Service für gelegentliche Peppol-User

Mit simplepeppol bringt compacer eine vereinfachte Lösung für den Versand von E-Rechnungen via Peppol auf den Markt. Der Service richtet sich gezielt an Gelegenheitsversender, die einzelne oder nur wenige E-Rechnungen schnell, rechtskonform und ohne Abo-Verpflichtung über Peppol versenden möchten.

Peppol steht für Pan-European Public Procurement OnLine (PEPPOL). Es ist ein internationales Netzwerk der Non-Profit-Organisation OpenPeppol, das das öffentliche Vergabeverfahren innerhalb der Europäischen Union grenzüberschreitend standardisiert elektronisch unterstützt. Das Netzwerk dient zum Austausch digitaler Dokumente mit Fokus auf digitale Rechnungen und elektronische Beschaffungsdokumente. In Deutschland sind alle öffentlichen Auftraggeber seit dem 1. Oktober 2023 dazu verpflichtet, an das Peppol-Netzwerk angebunden zu sein.

Kostenvergleich mit Abo-Modellen

Üblicherweise erfolgt der Zugriff auf Peppol über zertifizierte Access Point Provider wie Complavis und efacto, die Abo-Modelle  anbieten. Je nach Modell betragen die Set-up-Kosten bis zu 500 Euro, die monatlichen Kosten zwischen 15 und 50 Euro und die Kosten pro Rechnung 5 bis 20 Cent.

Das Besondere an simplepeppol: Die Lösung kommt ohne Kontoanlage, Registrierung oder Abo-Zwang aus. Anwenderinnen und Anwender müssen lediglich ihre Rechnung als PDF, JPG oder PNG hochladen. Dann liest die Lösung die Dokumente automatisiert aus, konvertiert sie in das Standard Peppol-Format BIS Billing 3.0 und versendet sie innerhalb von 60 Sekunden über den eigenen zertifizierten Peppol Access Point.
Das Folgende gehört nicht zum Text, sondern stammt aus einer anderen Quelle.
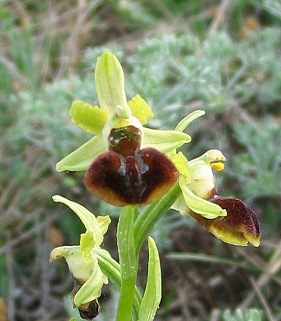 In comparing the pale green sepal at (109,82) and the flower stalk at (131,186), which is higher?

Die Abrechnung erfolgt pro Rechnung und ist klar kalkulierbar: Nutzende zahlen 1,5 Prozent des eingereichten Rechnungsbetrags, mindestens 2,50 Euro und maximal 15,00 Euro pro Rechnung. Es fallen keine Einrichtungsgebühren, Fixkosten oder laufenden Kosten an.

Sichere Datenverarbeitung in Deutschland

»Warum sollten Unternehmen, die jährlich nur wenige Rechnungen im Peppol-Format verschicken, dafür ein teures Abo abschließen oder eine Software installieren?« fragt Volker Hettich, CSO von compacer, und ergänzt: »Deshalb haben wir simplepeppol entwickelt, eine Lösung, die einfach zu bedienen ist und bei der man auch nur für die Rechnungen bezahlt, die man über Peppol verschickt. Unser Ziel ist es, Unternehmen dabei zu unterstützen, die staatlich vorgegebenen Regularien zu erfüllen, dabei aber möglichst geringe Kosten oder zusätzlichen Aufwand zu haben.«

Als zertifizierter Peppol Access Point stellt compacer laut eigenen Angaben sicher, dass alle versendeten Rechnungen den gesetzlichen und technischen Anforderungen entsprechen. Die Verarbeitung der Rechnungsdaten erfolgt ausschließlich im deutschen Rechenzentrum des Mutterkonzerns eurodata und erfüllt höchste Anforderungen an Datenschutz und DSGVO-Konformität.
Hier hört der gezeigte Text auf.